- [Required work] All of the data goes into your copy exactly as written. Images do not.

Available data below:

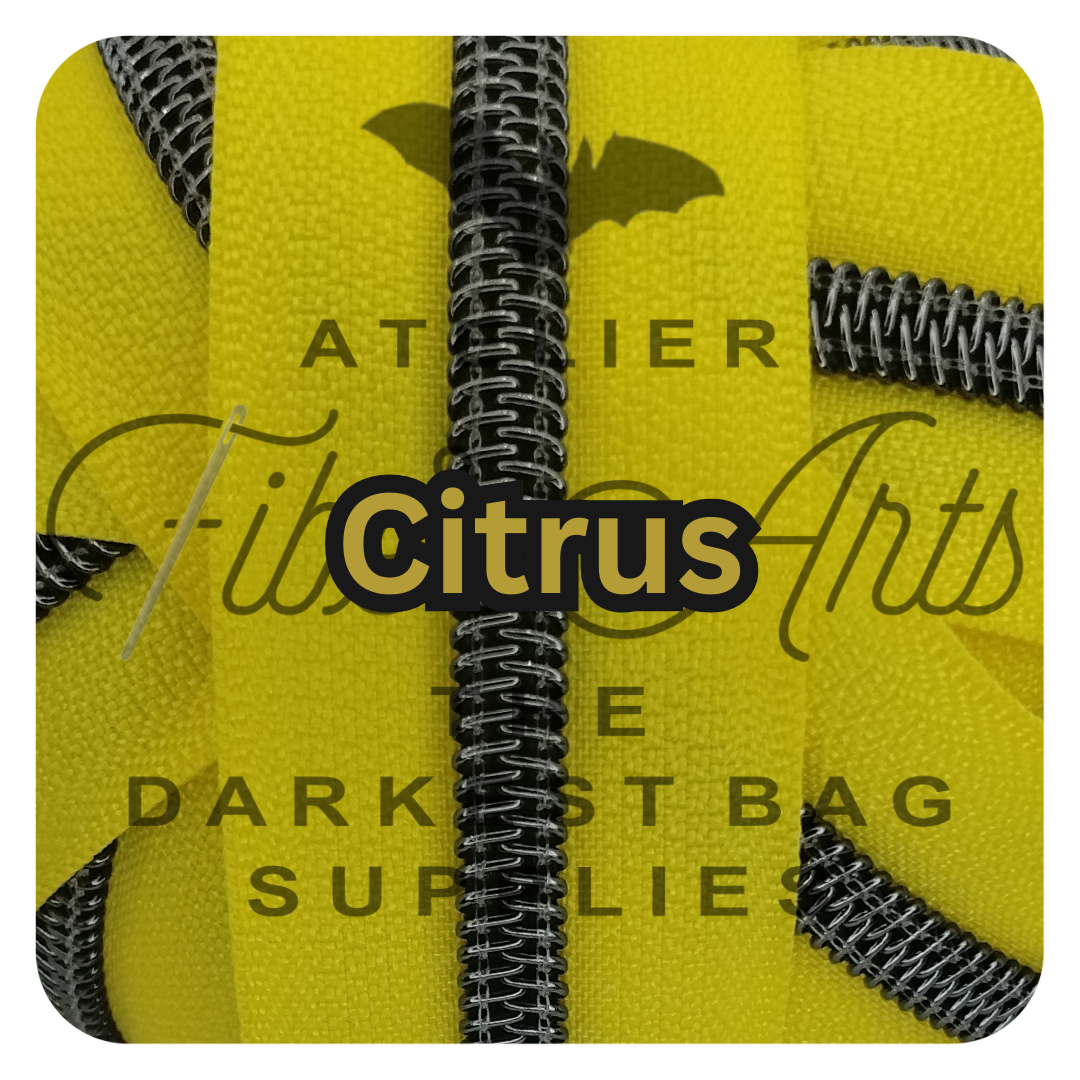 #5 Zipper - Citrus - by the meter - Gunmetal Teeth at Atelier Fiber Arts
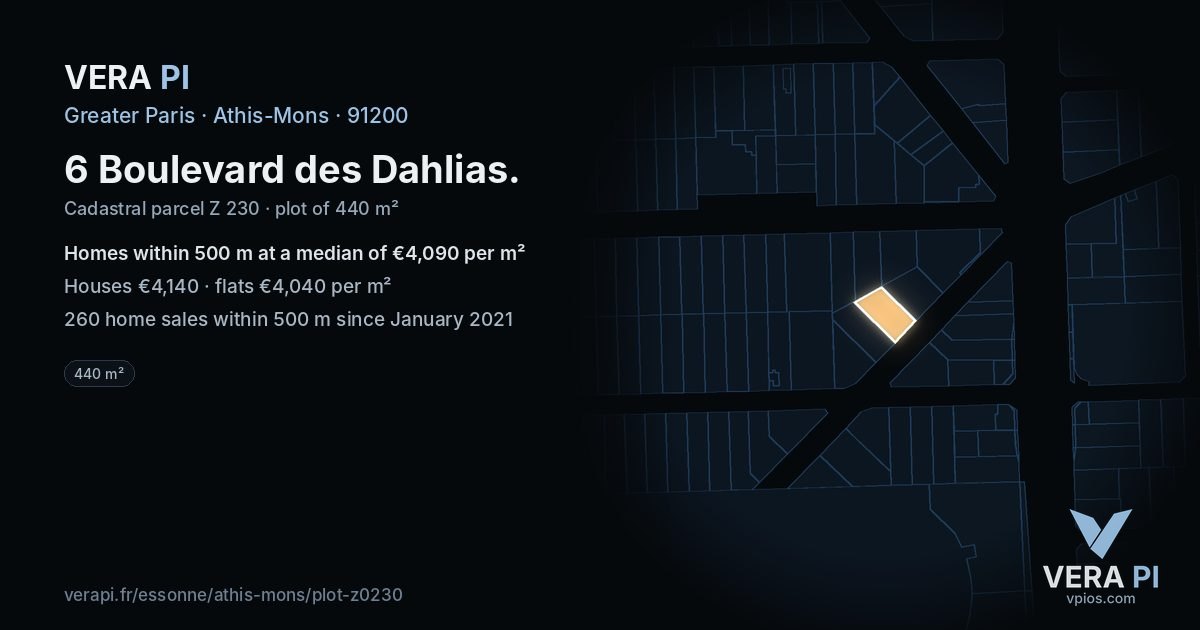 6 Boulevard des Dahlias, Athis-Mons at night – the plot lit, the parcels around coloured by the prices near them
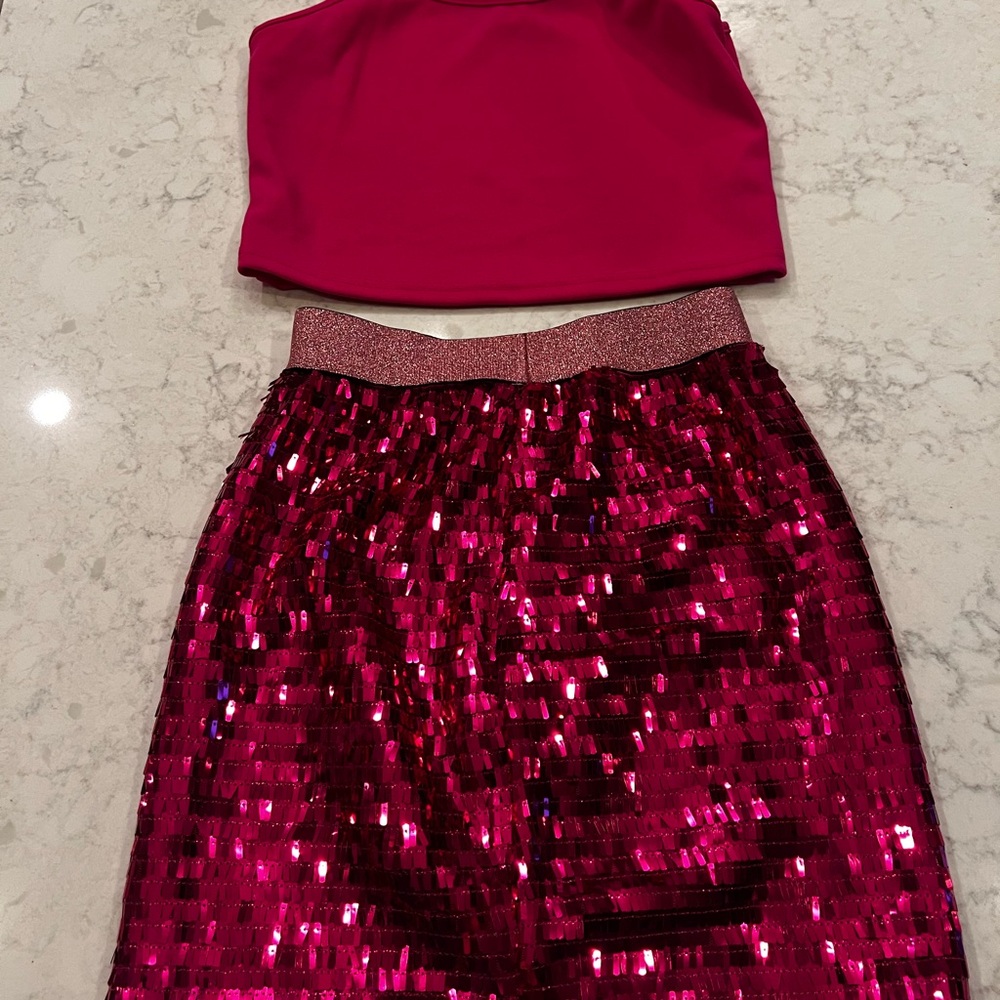 SHEIN Fuchsia Sequin Skirt Set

End of Available data.

- [Response area]
 #5 Zipper - Citrus - by the meter - Gunmetal Teeth at Atelier Fiber Arts
 6 Boulevard des Dahlias, Athis-Mons at night – the plot lit, the parcels around coloured by the prices near them
 SHEIN Fuchsia Sequin Skirt Set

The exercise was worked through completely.